Kaynak : Memurlar.Net - Özel
Haber Giriş : 21 Mayıs 2023 00:10, Son Güncelleme : 09 Mayıs 2023 10:03
Bağlı kuruluş daire başkanına fazla ödenen ücret ve tazminatlara ilişkin 34 karar

İşte o kararlardan bir tanesi.

375 sayılı KHK'ya ekli (II) sayılı Cetvelin (8) inci sırasında kimler sayılıyor

Atatürk Kültür, Dil ve Tarih Yüksek Kurumu Genel Sekreteri ve Denetleme Kurulu Üyesi, Çalışma ve Sosyal Güvenlik Eğitim ve Araştırma Merkezi I. Hukuk Müşaviri ve Başkan Yardımcısı, Daire Başkanı, Milli Eğitim Bakanlığı, Milli Güvenlik Kurulu Genel Sekreterliği ve Gelir İdaresi Başkanlığı Grup Başkanları, Mushafları İnceleme ve Kıraat Kurulu üyesi, Özelleştirme İdaresi Başkanlığı Proje Grup Başkanı, Sosyal Güvenlik Kurumu Eğitim, Araştırma ve Geliştirme Merkezi Başkanı, Üniversitelerarası Kurul Genel Sekreteri Din İşleri Yüksek Kurulu Sekreteri

Devlet Personel Başkanlığı ve BÜMKO Görüşleri çelişmiştir

Devlet Personel Başkanlığının görüş yazısında, "Buraya kadar yapılan tespit ve açıklamaların ışığında, Genel Müdürlüğünüzün Merkez Teşkilatında yer alan Daire Başkanlıklarının. müstakil olmayan diğer daire başkanlıkları gibi değerlendirilmesinin mümkün bulunmadığı görülmektedir." değerlendirmesi yapılmış olsa da; 375 sayılı Kanun Hükmünde Kararname'nin ek 10 uncu maddesi hükümleri açısından mezkür Başkanlığın görüşü, ücret ve tazminat ödemesine esas alınabilecek bir görüş etkisinde ve niteliğinde değildir.
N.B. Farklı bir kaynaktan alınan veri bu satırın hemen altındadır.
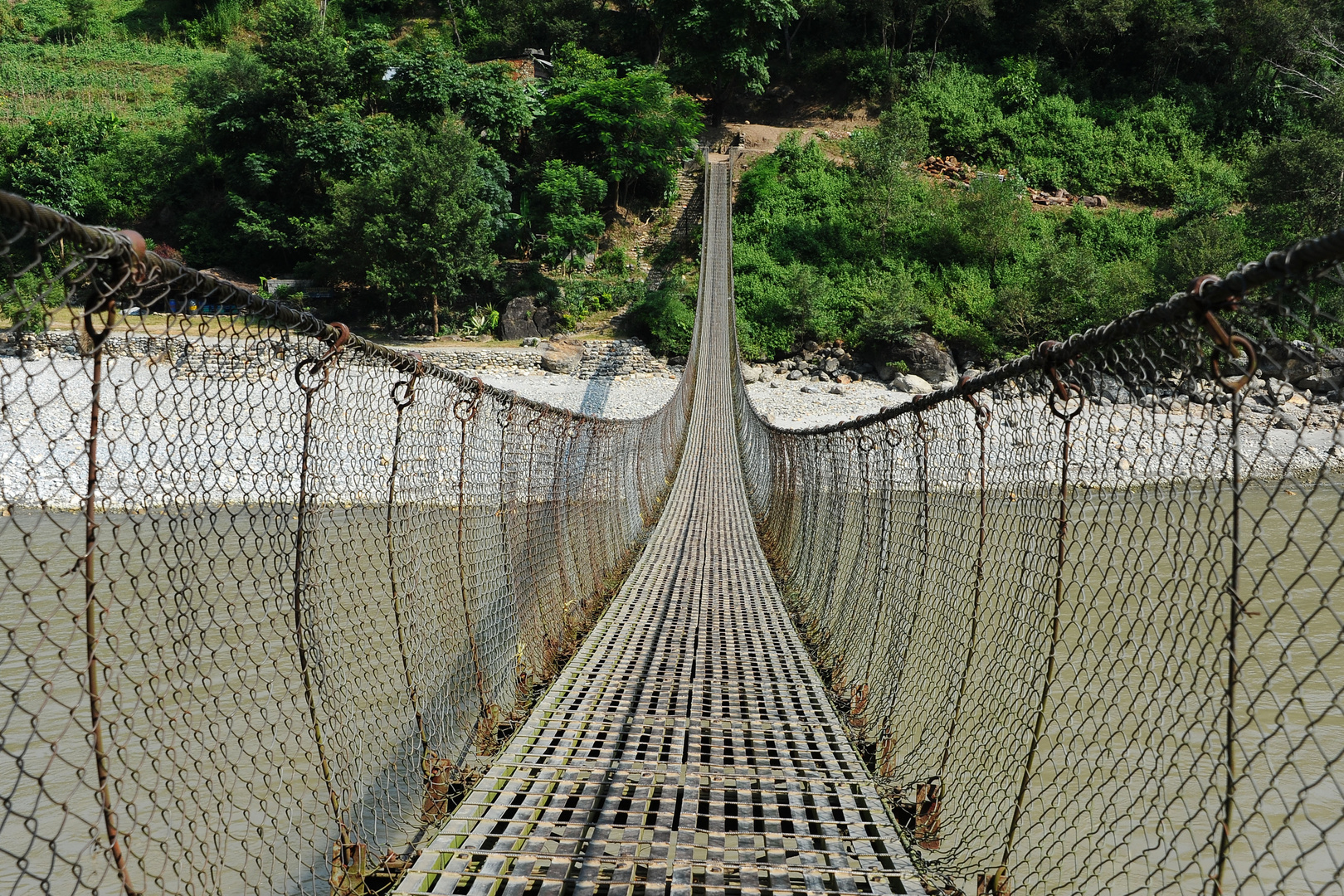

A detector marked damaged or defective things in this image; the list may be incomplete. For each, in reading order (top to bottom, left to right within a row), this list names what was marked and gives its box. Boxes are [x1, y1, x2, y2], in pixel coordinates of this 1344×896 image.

rusty steel cable [0, 190, 693, 896]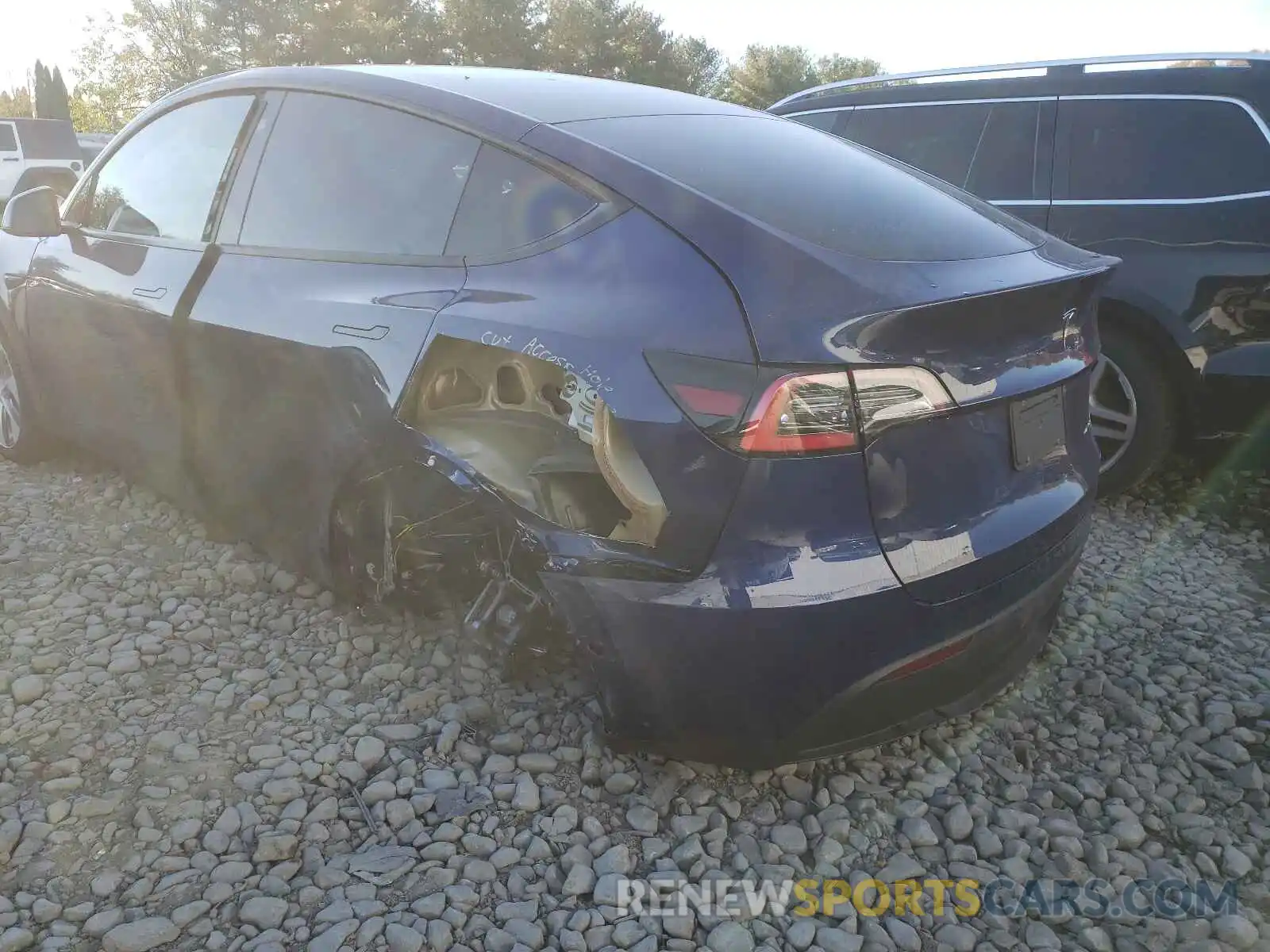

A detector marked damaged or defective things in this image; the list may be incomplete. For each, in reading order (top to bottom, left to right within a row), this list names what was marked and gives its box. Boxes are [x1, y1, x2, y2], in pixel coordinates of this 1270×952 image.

damaged rear quarter panel [398, 206, 752, 574]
Maliye Bakanlığı Bütçe ve Mali Kontrol Genel Müdürlüğünün görüşü ise hem veriliş tarihi olarak hem de hüküm kurma yetkisi anlamında daha önceliklidir. Bu durumda, ilgili mevzuatında tereddütlü hususları açıklığa kavuşturma hususunda yetkili kılınmayan kamu idaresinin ödemeyle ilgili herhangi bir değerlendirme de yapılmayan görüşüne göre işlem tesis edilmesi açıkça mevzuatına aykırı olup, söz konusu görüş yazısının Maliye Bakanlığı Bütçe ve Mali Kontrol Genel Müdürlüğünün görüşü yerine tercih edilmesi hukuken isabetli değildir.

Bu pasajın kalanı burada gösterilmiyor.